Charles Goodyear descobriu em 1839 o processo de vulcanização, onde o enxofre e o calor foram adicionados para tornar a borracha estável e resistente. O material perfeito: barato, flexível, moldável e duradouro. Em seguida, seu maior uso passou a ser nos pneus da nascente indústria do automóvel.
O Primeiro Ciclo
A Amazônia é o celeiro da borracha – no Pará e no Amazonas, e por causa dela no Acre, brotou um extraordinário surto de progresso a partir de 1879. Por quase um terço de século, o Primeiro Ciclo da Borracha tornou Belém e Manaus as mais ricas e avançadas cidades brasileiras.
Esta foi também uma riqueza cruel, que mutilou e escravizou os seringueiros, muitos deles cearenses fugidos da seca. Um contraste entre violência e civilização, como diz Pedro Moreira Salles.
Até que as mudas da seringueira, contrabandeadas a partir de Santarém por um aventureiro inglês, foram plantadas em série na Malásia e no Sudeste Asiático, produzindo uma borracha de produção mais controlada e barata.
Nesta época, foi construída de forma épica a Estrada de Ferro Madeira-Mamoré. Ela evitaria os trechos encachoeirados desses rios, permitindo a exportação da borracha da Bolívia. Este país sem saída para o mar havia nos vendido o Acre, com o compromisso de construirmos a ferrovia. Em 1912, sua inauguração coincidiu com o fim do Ciclo, pois a borracha brasileira deixou de ser competitiva. Conheci em Porto Velho um pequeno trecho turístico ainda em funcionamento, nostalgicamente operado por antigos funcionários.
O Segundo Ciclo
A Amazônia mono produtora entrou em estagnação – no seu rastro, desemprego, êxodo e ruína. Porém, com a II Guerra Mundial, os japoneses invadiram o Sudeste Asiático e cortaram o fluxo de suprimento de borracha para o Ocidente. O Governo americano solicitou ao brasileiro que os seringais amazônicos fossem urgentemente retomados. Foi o Segundo Ciclo da Borracha – aos 35 mil seringueiros desempregados, juntaram-se 54 mil nordestinos, alistados compulsoriamente. A produção necessitava alcançar 2,5 vezes a então existente.

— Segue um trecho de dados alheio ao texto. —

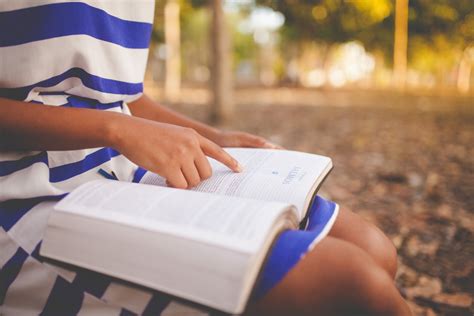 Fotos Gratis Escritura Mano Persona Leyendo Azul Accion Humana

O passado se repete e os homens trabalham para virar escravos, no dizer de Euclides da Cunha. Esse Ciclo é fugaz: dura entre 1942-45, quando a guerra acabou. Os soldados da borracha não tiveram qualquer assistência, 30 mil deles morreram de malária, febre amarela, hepatite ou do ataque dos animais selvagens. E, os que não desperdiçaram a vida, perderam o emprego: no fim desta saga, apenas 6 mil dentre os recrutados retornaram à sua terra natal.

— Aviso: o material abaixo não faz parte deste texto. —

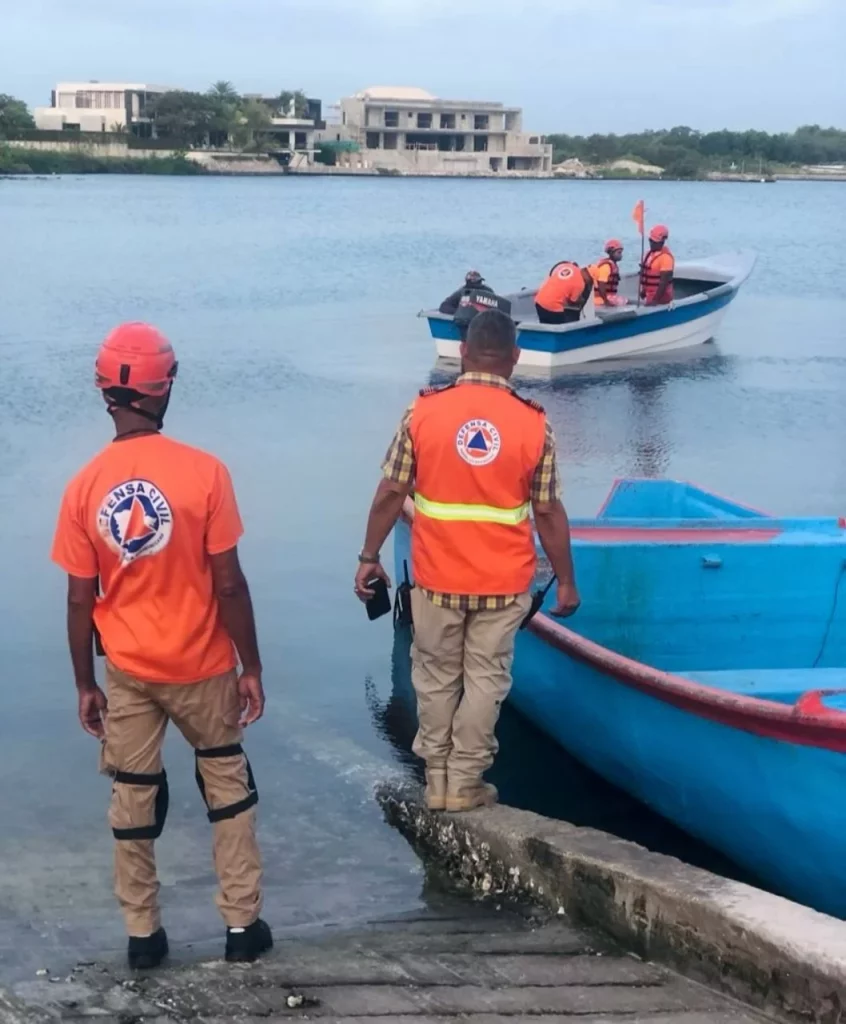 naufragos tras zozobra de embarcacion en costas de La Altagracia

O apogeu do café no Sudeste tornou a região politicamente esquecida – agora foi o tempo dos Barões do Café, não dos Barões da Borracha. E a sombra da miséria uniu-se á da floresta. Com a invenção e aperfeiçoamento da borracha sintética (polibutadieno), a versão natural tornou-se coadjuvante na produção dos pneus. Os pneumáticos modernos deveriam ser duradouros, aderentes e pouco resistentes à rotação. E estes conteriam agora até 20 tipos diferentes de borracha, inclusive e modestamente a natural.
A Ford
Já havia automóveis na primeira metade do século XIX, mas sua produção só evoluiu no fim do século com a criação na Alemanha do motor a combustão. Surgiu no início do século seguinte o Modelo T da Ford, um veículo robusto, seguro e barato. Ford criou em seguida a linha de montagem, com ganhos de processo e de escala. O preço entre o primeiro e o último Modelo T, vinte anos depois, caiu para um terço.
Até Ford, os carros eram artesanais, e ele os tornou integrados, seriais e industriais. Foi no início do século XX a mais lucrativa empresa do mundo, e uma das mais inovadoras. Henry Ford era então o mais rico dos homens. Devo dizer que, na minha juventude, pude conduzir dois de seus grandes êxitos: o Modelo T e o Motor V8, confesso que sem grande perícia.
Mas Ford seguia também um princípio que é pouco comentado: a verticalização. Isso significava que pretendia produzir, ao invés de comprar, os seus insumos, como vidro, ferro e madeira. Talvez os enormes investimentos para a produção do aço deixasse este material fora do seu alcance. Mas não a borracha dos pneus, afinal um produto natural de tecnologia acessível, e aqui começa uma nova história.
A Fordlândia
Em 1927, a Ford adquiriu 10 mil km² em Aveiro no Pará (depois expandidos para 15 mil), nas margens do Rio Tapajós, a meu ver o mais belo dos afluentes do Amazonas. Essa área é do tamanho do Líbano ou da Jamaica. Seu propósito era extrair o látex a partir das seringueiras que seriam cultivadas lá. Entretanto, o solo era árido e pedregoso e as mudas foram plantadas sem o espaçamento adequado. Na floresta, elas são distantes entre si, evitando a concentração das pragas naturais.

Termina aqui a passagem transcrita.